Geste politique, le B2i initié par Jack Lang a été progressivement renforcé dans le paysage réglementaire de l’école jusqu’à son intégration dans le socle commun et dans la certification de fin de collège (le B2i était exigé au moment du passage du DNB). Autrement dit d’un simple geste, le B2i est devenu la loi. Certes remanié à plusieurs reprise dans sa forme ou dans son fond, a assez peu changé au cours de ces dix années.
La contestation de ce B2i, observable au travers de sa mise en œuvre dans les classes, est intéressante à observer car elle révèle de nombreux travers de notre système éducatif :
- Le premier de ces travers est le refus par les enseignants d’appliquer la loi telle qu’elle est écrite. Comment en effet comprendre la légèreté des propos tenus par nombres d’enseignants par rapport à cette obligation légale, et ce encore plus avec l’arrivée du socle commun.
- Le deuxième est celui d’une lutte pour la scolarisation de l’informatique qui s’est opposé au B2i pour insuffisance de connaissances fondamentales. Les principaux zélateurs de l’informatique comme discipline n’ont eu de cesse de lutter contre le B2i au nom d’une conception des savoirs académiques bien particulière, mais aussi d’une conception de la place de l’informatique dans les sciences qui a mis à mal dans de nombreux établissements ce qui devait être une première étape.

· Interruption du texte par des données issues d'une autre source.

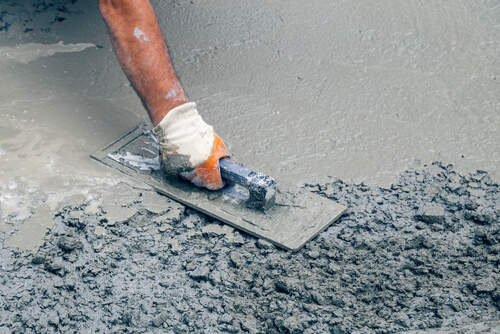 Hand builder with trowel leveling concrete, spreading poured. Some motion blur present. Vintage style.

- Le troisième est celui de la méfiance du monde enseignant pour les technologies et en particulier celles de l’information et de la communication. En retardant au maximum la mise en place du B2i sous de nombreux prétexte, les enseignants ont renforcé cette image de méfiance technologique qu’ils avaient déjà donnée à voir avec la télévision.
- Le quatrième est celui des errances de la hiérarchie intermédiaire, et en particulier des corps d’inspection qui ont souvent eu du mal à accompagner le B2i. Il suffit de lire les rapports de l’inspection générale sur le sujet pour s’en rendre compte, mais aussi d’entendre certains de ces inspecteurs dénigrer le B2i devant les enseignants (surtout dans certaines disciplines).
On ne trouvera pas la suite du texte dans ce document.